In diesem Artikel wollen wir den Spieß einmal herumdrehen und genauer hinschauen, wie sich Unternehmen verhalten, wenn sie aktiv potentielle Mitarbeiter/innen ansprechen – sich also bei ihnen bewerben. Möglich machen dies u.a. neue Karriereplattformen im Internet.

„Gefunden werden statt bewerben“

Das ist das Motto der Karriereplattform „Absolventa“, die sich speziell an Studenten, Absolventen und Young Professionals richtet.

Die Idee hinter dieser Plattform ist nicht einzigartig, aber scheint zu funktionieren. Insgesamt gibt es noch drei Wettbewerbsplattformen, die ähnlich aufgebaut sind („Talential“, „yourcha“ und entfernt auch BusinessLive“).

Die Mitglieder hinterlegen auf der Online-Karriereplattform ihr Profil. Sie erreichen durch das einmalige Ausfüllen eines Bewerbungsprofils so eine Vielzahl an potentiellen Arbeitgebern. Die Unternehmen haben kostenlosen Zugriff auf diesen Pool. Sie können mit Hilfe einer Suchmaschine nach potentiellen Mitarbeitern/innen recherchieren, mit Hilfe eines Rankings eine Vorauswahl treffen und sich dann bei ihnen bewerben. Eine Gebühr wird erst bei einem Kontakt fällig.

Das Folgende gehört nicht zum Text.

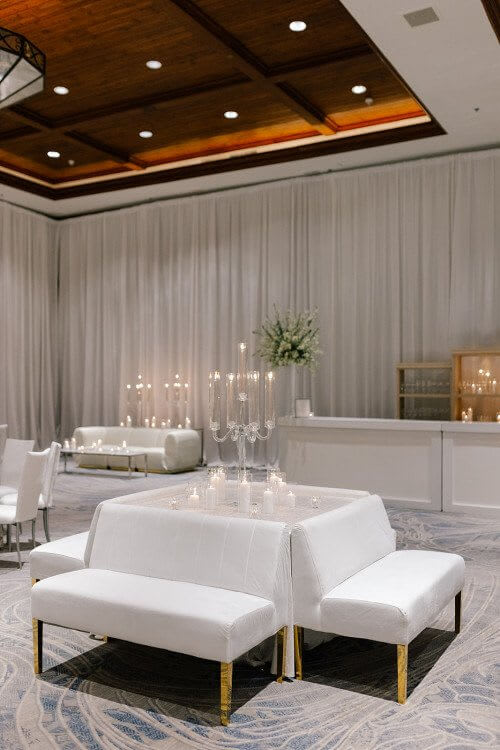 Luxurious napkins and table runners at a wedding reception in Tempe, AZ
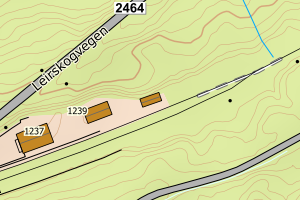 Kartbilde fra WMS-tjeneste av avviket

Wer hat Angst vorm schwarzen Mann?

Doch was, wenn Sie ihren derzeitigen Arbeitgeber auch auf ihr Profil aufmerksam machen? Auch darüber haben die Anbieter nachgedacht. Es gibt eine Blacklist. Hier kann man angeben, welche Unternehmen einen nicht finden dürfen. Zudem bleiben die registrierten Mitglieder bis zu einem möglichen Interviewtermin noch anonym. Auch, ob es sich um eine männliche oder weibliche Person handelt, ist nicht zu erkennen. Damit sollen die Fähigkeiten und Kenntnisse der Mitglieder im Vordergrund stehen.

Eine neue Chance für das Employer Branding?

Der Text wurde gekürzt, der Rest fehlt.